今回のテーマはRustです。効率的で信頼性が特徴と言われているRustを商業サービスに組み込んだ吉川さんに、Rustの魅力を伝えていただきます。

はじめてのRust

日高:まずはRustとの出会いからうかがえますか。

吉川:現職に就くちょっと前の話になります。転職活動をしているときのコーディング試験対策で勉強し始めていたんです。

日高:採用試験でよくありますね。

吉川:はい。4年前ぐらいだったかな。当時はコーディングから離れていたこともあり、いろいろな言語に触れてみようと思いました。転職先で何の言語を使うかも想像がつかなかったんで。

日高:そこでRustも勉強対象に?

吉川:実はRustを使い始めたのは転職後です。試験対策ではプロジェクト・オイラーという数学的な課題を提供するWebサイトを使ったのですが、入社後も自学のために続けていたんです。計算問題をアルゴリズムで解くのですが同じ問題をいろんな言語で何回も解いていました。

日高:プログラミング言語を変えて何度も解くやり方はずいぶんとストイックに感じます。

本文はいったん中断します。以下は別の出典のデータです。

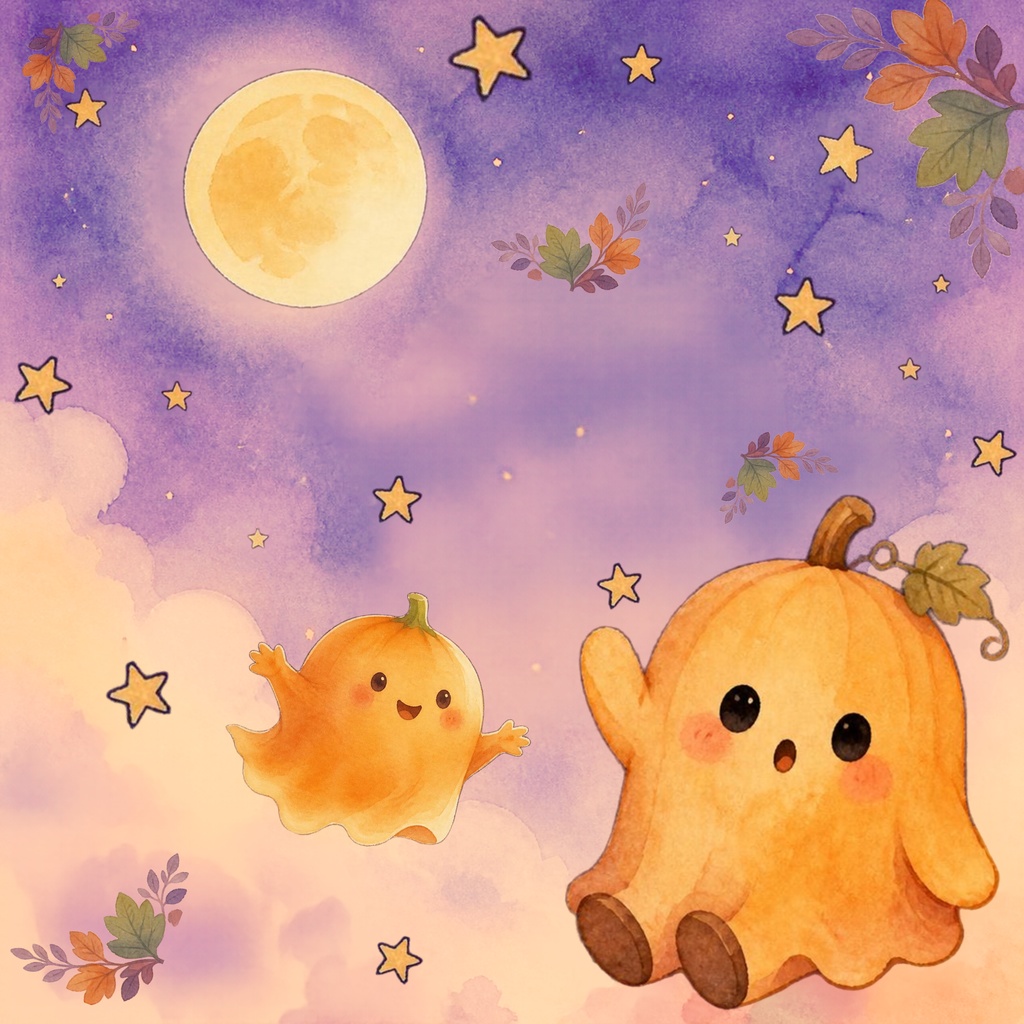 ハロウィン デジタルペーパー 5枚セット|大人かわいい水彩風・おばけ・かぼちゃ・背景素材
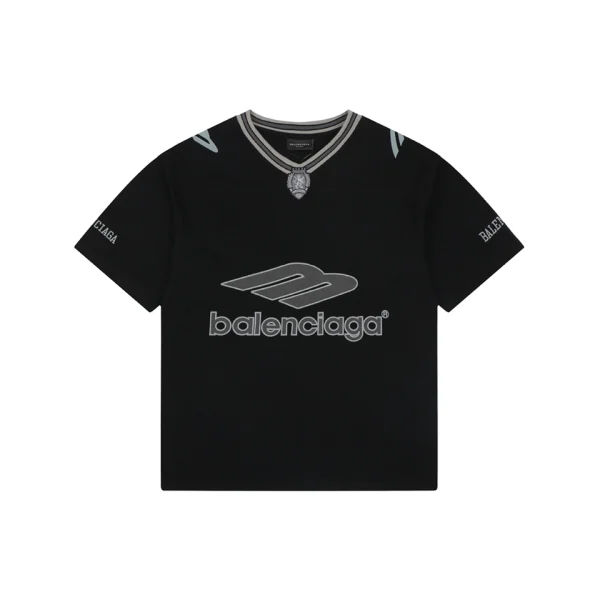 Balenciaga Football Logo Jersey T-Shirt Grey Front view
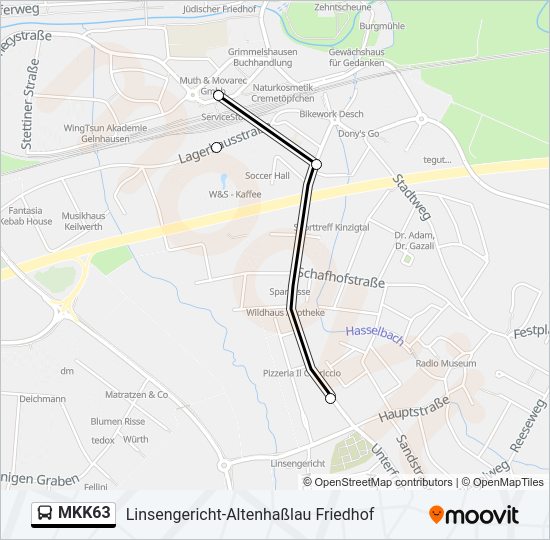 MKK63 Bus Line Map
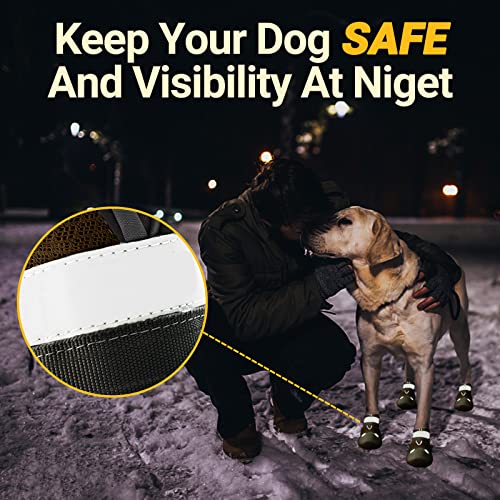 Dog Shoes For Small Medium Dogs: Large Dog Boots & Paw Protectors For Hot Pavement Winter Snow, Outdoor Walking 4Pcs Dog Booties, Indoor Hardfloors Anti Slip Sole Dog Shoes Brown Size 4 #TOP3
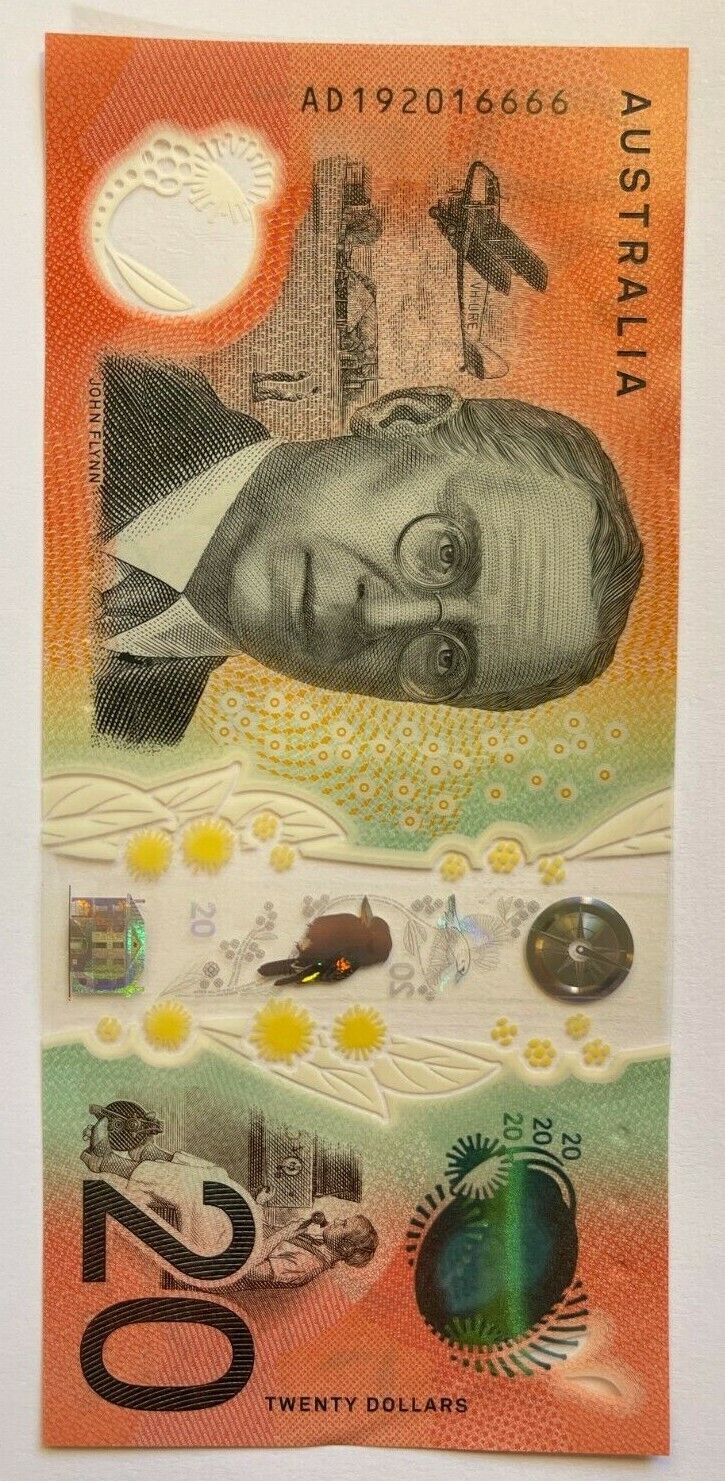 20 dollar note australia 2019 “6666” Serial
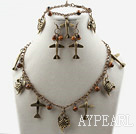 Vintage Style Tiger Eye and Bronze Accessory Set (Necklace Bracelet and Matched Earrings)
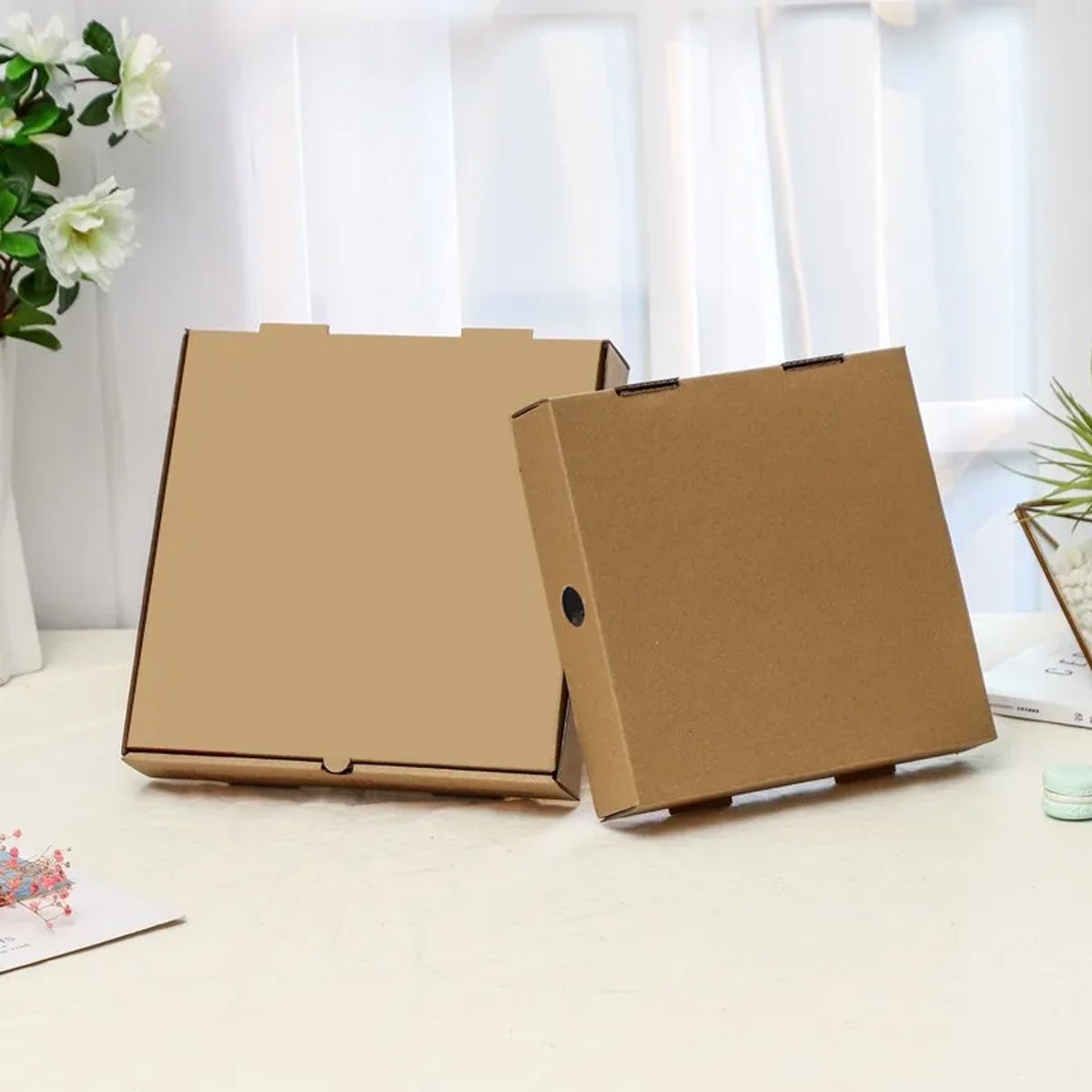 Pizza Box Kraft Corrugated Cardboard 25-100PCS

吉川:それまではC言語やスクリプト言語をかじったぐらいでしたがKotlinやSwift、HaskellとかLisp系など気になったもの、流行っているものをかたっぱしからWebで検索しては実装してとやっていました。Rustもそのひとつです。

日高:コンパイル言語とスクリプト言語での速度差などはよくいわれます。

吉川:ありますね。同じ問題を解くと言語ごとのビルドや実行環境の違いをフラットに評価できました。その中でも、Rustはビルドツールの充実さやコンパイル時のエラーメッセージの親切度合いで、開発しやすさを感じました。

本番環境で使いたい

日高:今でこそ吉川さんはRustの書籍を執筆[1]されていますが、この勉強のあとに本格的な利用が始まったんでしょうか。

吉川:私の場合、早いタイミングで本番利用する機会があった点が良かったですね。前提となるプロダクトの話をしたほうがいいかもしれません。転職活動を通じてフェアリーデバイセズというスタートアップへ入社したのですが、ここでは主に音声AIをベースとしたプロダクトを提供しています。

日高:いわゆる音声認識技術でしょうか。

吉川:音声の文字起こしという意味での音声認識も含みますが、それ以外にも、翻訳や音声合成、音声からの話者識別や感情認識もサービスとして提供しています。また、マイク付きのデバイスも開発しており、集音した音声の前処理も扱っています。現在では、首かけ型のデバイス(THINKLET)を使った作業現場の支援サービスの開発に注力しています。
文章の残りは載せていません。